What others fear: Sen. Richard Blumenthal urged the DOJ to consider extending the conditions or even breaking up the company "in order to fully restore competition." Meanwhile, FCC commissioner Mignon Clyburn said she still has concerns with one company owning both content and distribution.

Kim has more here.

Note: Comcast is an investor in Axios through NBCUniversal

Amazon opens its cashier-less convenience store

Amazon Go, the company's model for a convenience store of the future, will finally open to the public today in Seattle.

Tick-tock: The opening is later than expected, after the company opted to extend internal testing.

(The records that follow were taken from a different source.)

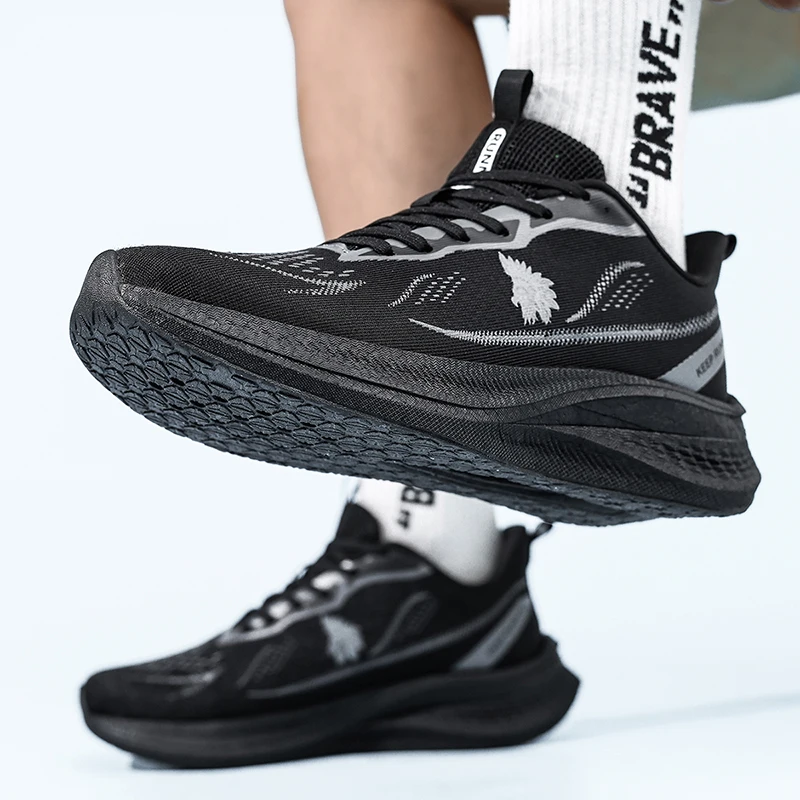 超軽量メンズスポーツランニングシューズ 通気性抜群 トレイル - Shock Absorbing Gym Trainers のレビューと価格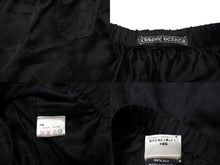 画像をギャラリービューアに読み込む, 極美品 CHROME HEARTS クロムハーツ マルチロゴ フレア ミニ スカート ブラック シルク ロゴ CHクロス BSフレア 中古 4c067437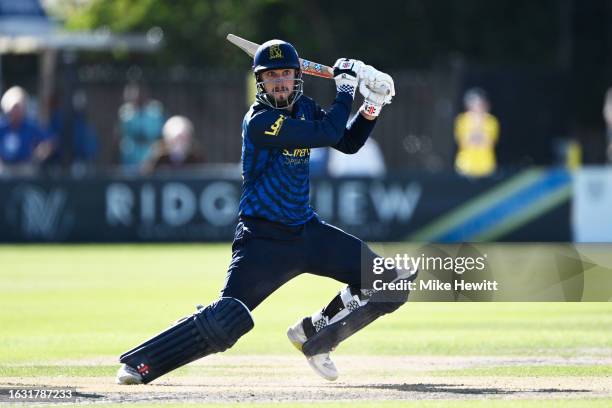 Ed Barnard of Warwickshire hits out during the Metro Bank One Day Cup match between Sussex Sharks and Warwickshire at The 1st Central County Ground...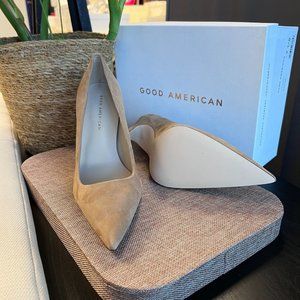 Good American The Icon Pointed Toe Suede Nude Pump SIZE 7.5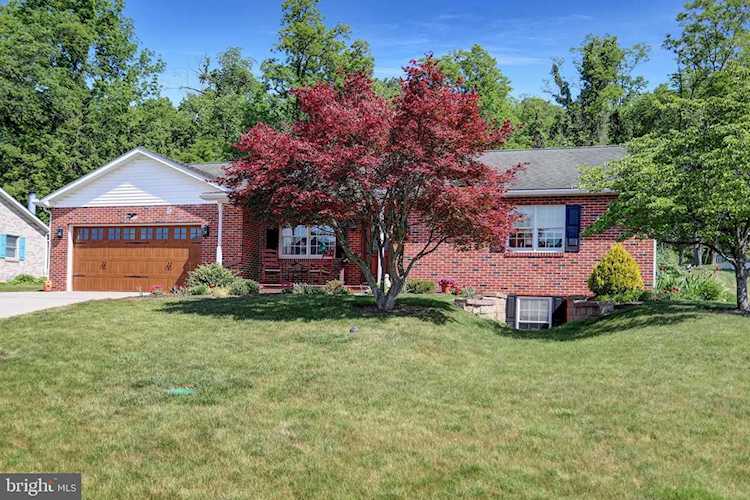 293 Cornfield Circle Lewistown, PA 17044 | home for sale | KBB Photo 1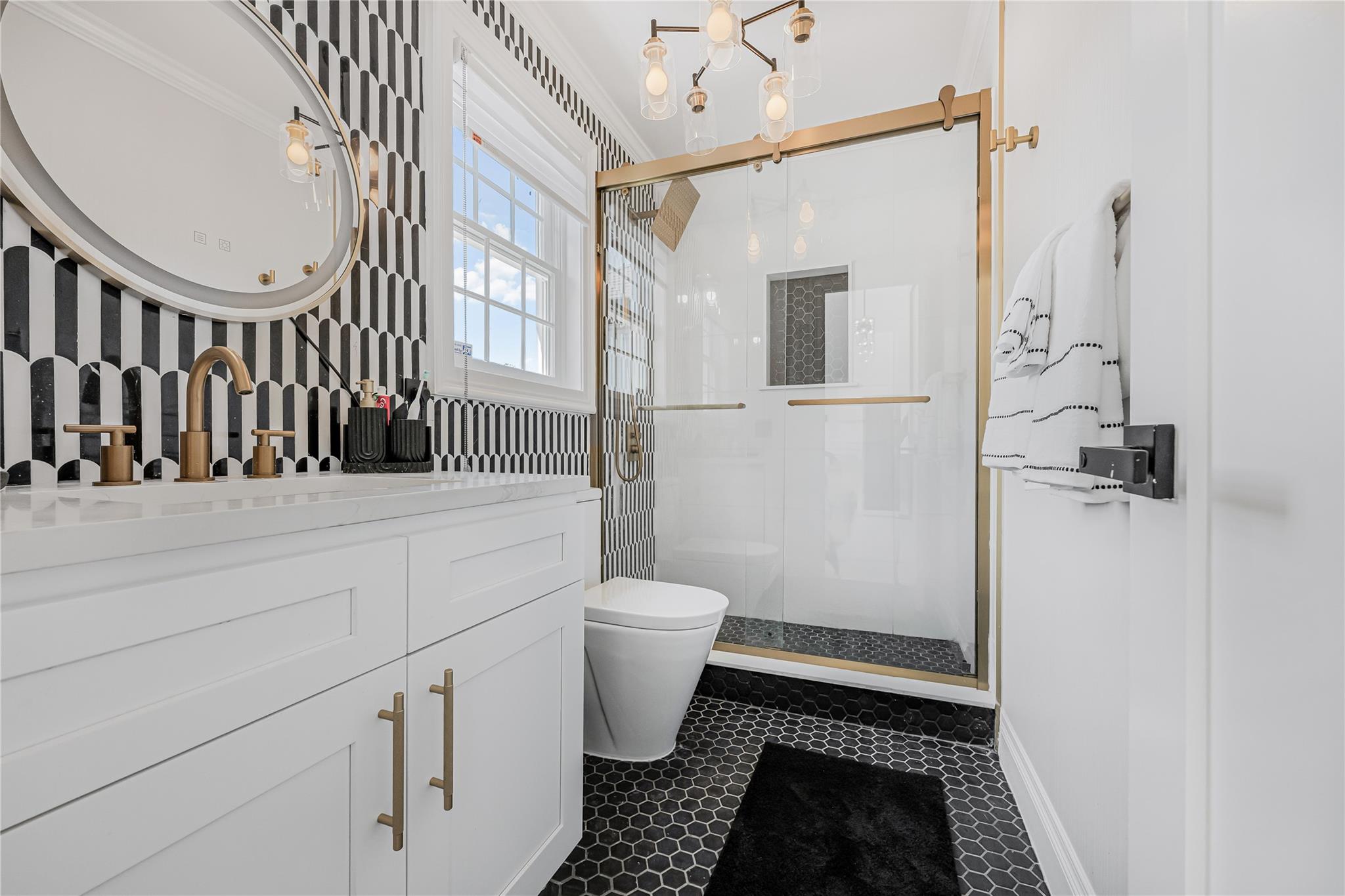 3 Fairview Lane, Glen Cove, NY 11542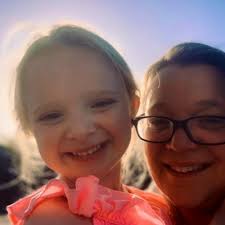 Lorna Collier (@OLJCO)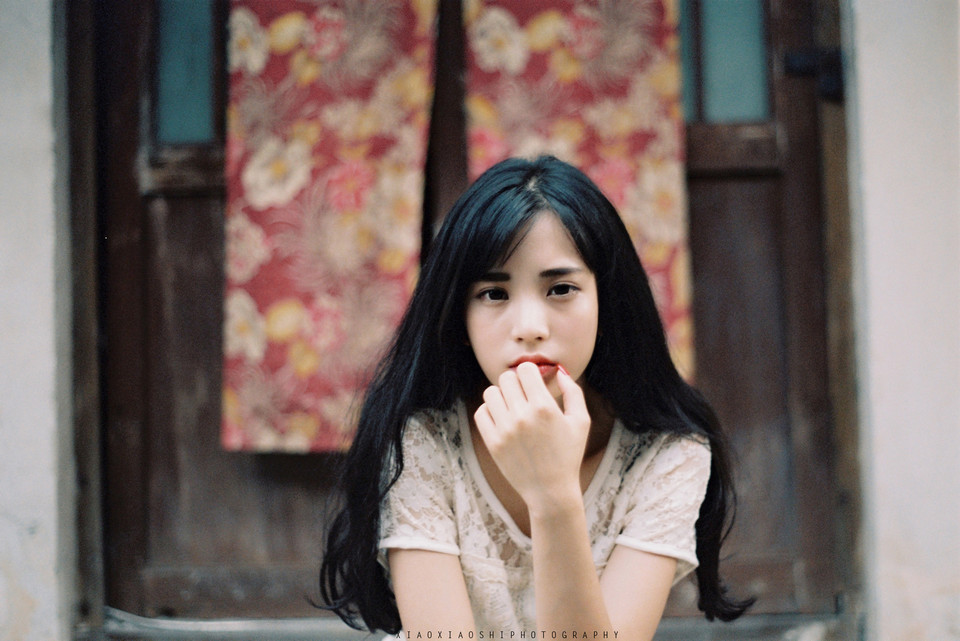 白裙蕾丝美女呆萌写真  第1张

What they're saying: The store "resembles what a 7-Eleven might look like if it got a high-end makeover" says Recode, which was among the outlets that got a tour of the store.

The big question: Where does the technology go from here? Will Amazon expand the technology to its own bookstores? Whole Foods? Sell it to other retailers?

Separately: Saturday Night Live spoofed Amazon's HQ2 search over the weekend.

Post-holiday reckoning for Sphero and Tile

A StarWars' R2-D2 connected toy robot created by Sphero. Photo: Amy Brothers / The Denver Post

Two niche hardware makers are making job cuts after holiday sales proved to be less than anticipated.

Bluetooth item tracker Tile and educational robot maker Sphero are both shrinking their staffs, according to TechCrunch. Tile has cut around 30 staffers, while Sphero is shrinking by 45.

The bottom line: These are examples 8,456 and 8,457 that hardware is hard, even for companies that are well-regarded for what they do. Sphero had seemed to be (pardon the pun) on a roll after a deal with Disney enabled it to expand from a generic robot ball to branded bots such as R2-D2 and Lightning McQueen.

Take Note

On Tap

  • Netflix reports earnings.
  • DLD is wrapping up in Munich with Uber's CEO among the final speakers. Check out our Axios.com stream for the latest.
  • Cryptoeconomy's ICO 2018 conference takes place in San Francisco.

Trading Places

  • Former Qualcomm and LeEco executive Rob Chandhok has joined Daily Mail publisher DMGT as its global CTO.
  • Disney hired Apple veteran Kevin Swint to help build out its upcoming streaming video service.